There are countless definitions of architecture. For some, it’s an art form that shapes the buildings and structures that surround us. Others focus on the power of architecture to improve society and build better communities.
“[Architects] design experiences, not just rooms; situations, not just spaces; relationships, not just furniture; communities, not just real estate developments.”
- Richard Franson
Put simply, architecture is about creating the spaces and places where we live our daily lives. Look around you: all the features of your environment that were shaped by human hands – houses, streets, even entire communities – are evidence of architecture at work.
But architecture is also so much more.
The design of your surroundings may not be something you usually notice, but it can have a powerful impact on your life. In fact, the built environment can control our behaviour without us even realising it.
Think about street layouts, fences, roads without sidewalks or highways that slice through neighbourhoods. All these physical structures (and many others) affect our movements – and where we can or cannot go. Throughout history, these same features of our towns and cities have been used to create architectural exclusion to prevent some people from accessing certain places, to cut off wealthy neighbourhoods from poorer ones, or to separate racial groups.

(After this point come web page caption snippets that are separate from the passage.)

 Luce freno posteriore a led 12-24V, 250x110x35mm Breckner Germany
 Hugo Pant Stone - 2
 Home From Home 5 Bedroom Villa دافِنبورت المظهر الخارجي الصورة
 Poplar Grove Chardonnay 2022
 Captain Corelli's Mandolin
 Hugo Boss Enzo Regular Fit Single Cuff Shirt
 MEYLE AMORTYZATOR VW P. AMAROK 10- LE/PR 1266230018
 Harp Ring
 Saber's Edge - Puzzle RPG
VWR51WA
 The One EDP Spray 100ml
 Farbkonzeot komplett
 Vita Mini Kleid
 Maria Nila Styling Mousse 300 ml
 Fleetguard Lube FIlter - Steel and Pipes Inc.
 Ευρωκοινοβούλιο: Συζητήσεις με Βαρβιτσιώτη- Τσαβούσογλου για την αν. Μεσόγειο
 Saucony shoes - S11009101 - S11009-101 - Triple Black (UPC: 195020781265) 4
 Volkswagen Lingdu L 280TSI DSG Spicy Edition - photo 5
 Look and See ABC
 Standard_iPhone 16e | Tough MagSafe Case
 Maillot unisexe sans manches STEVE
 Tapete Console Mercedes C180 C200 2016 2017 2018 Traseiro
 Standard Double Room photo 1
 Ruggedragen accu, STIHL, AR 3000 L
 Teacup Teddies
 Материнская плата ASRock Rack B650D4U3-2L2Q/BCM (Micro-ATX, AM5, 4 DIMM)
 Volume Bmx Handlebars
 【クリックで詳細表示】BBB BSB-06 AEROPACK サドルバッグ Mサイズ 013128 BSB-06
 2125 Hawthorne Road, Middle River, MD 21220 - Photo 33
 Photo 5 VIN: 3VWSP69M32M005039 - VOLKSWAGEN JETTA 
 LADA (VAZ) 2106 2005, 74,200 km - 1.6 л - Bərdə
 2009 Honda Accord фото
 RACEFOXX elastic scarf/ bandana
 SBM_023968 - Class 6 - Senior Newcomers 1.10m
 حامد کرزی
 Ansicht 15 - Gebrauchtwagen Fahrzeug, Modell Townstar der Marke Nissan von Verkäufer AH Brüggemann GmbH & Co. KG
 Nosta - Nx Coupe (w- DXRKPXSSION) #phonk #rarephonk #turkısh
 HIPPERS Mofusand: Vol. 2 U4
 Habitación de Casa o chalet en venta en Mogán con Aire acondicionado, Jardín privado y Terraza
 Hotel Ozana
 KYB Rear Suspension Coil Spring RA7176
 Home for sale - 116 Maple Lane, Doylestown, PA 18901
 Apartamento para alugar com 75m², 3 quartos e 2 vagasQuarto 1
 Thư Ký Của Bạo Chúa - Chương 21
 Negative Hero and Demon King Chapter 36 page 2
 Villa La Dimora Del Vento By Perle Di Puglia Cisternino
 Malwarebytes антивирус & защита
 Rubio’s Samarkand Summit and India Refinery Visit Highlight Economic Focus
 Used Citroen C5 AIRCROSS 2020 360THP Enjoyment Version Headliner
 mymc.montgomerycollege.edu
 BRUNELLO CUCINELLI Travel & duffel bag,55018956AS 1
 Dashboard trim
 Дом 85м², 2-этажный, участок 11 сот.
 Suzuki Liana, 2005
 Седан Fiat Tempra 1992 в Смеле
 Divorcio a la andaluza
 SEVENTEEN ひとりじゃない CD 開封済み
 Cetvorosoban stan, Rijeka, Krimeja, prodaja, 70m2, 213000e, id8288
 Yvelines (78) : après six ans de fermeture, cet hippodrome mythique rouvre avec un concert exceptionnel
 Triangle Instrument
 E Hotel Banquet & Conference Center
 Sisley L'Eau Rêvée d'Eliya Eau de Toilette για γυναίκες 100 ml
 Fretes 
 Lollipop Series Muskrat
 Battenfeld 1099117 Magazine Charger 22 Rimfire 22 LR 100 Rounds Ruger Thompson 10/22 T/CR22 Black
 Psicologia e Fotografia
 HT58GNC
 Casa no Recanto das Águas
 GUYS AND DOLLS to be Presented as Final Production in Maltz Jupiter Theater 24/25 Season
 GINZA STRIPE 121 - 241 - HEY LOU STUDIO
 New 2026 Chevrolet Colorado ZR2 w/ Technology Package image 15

Take a look at this aerial view of the Nomzamo/Lwandle township just east of Cape Town. It’s separated from the wealthier communities of neighbouring Strand and Somerset West by a visible buffer of open land, as well as fencing. Can you see how certain features of our surroundings can be used to segregate and marginalise people? Image credit: Google Maps
In South Africa, the damaging legacy of architectural exclusion is still being felt today. During apartheid, our built environment was deliberately designed to separate groups of people based on race. This influenced where you could live, how long it took you to get to work, the modes of transport you could use, and how far you needed to travel to go about your daily life.
Here’s the good news: today’s young architectural professionals can use the power of architecture to leave a better legacy for future generations. By designing and organising spaces, structures and materials that respond to the needs of our modern world, young architects like you can create new built environments that enhance, not harm, the lives of the people who live within them.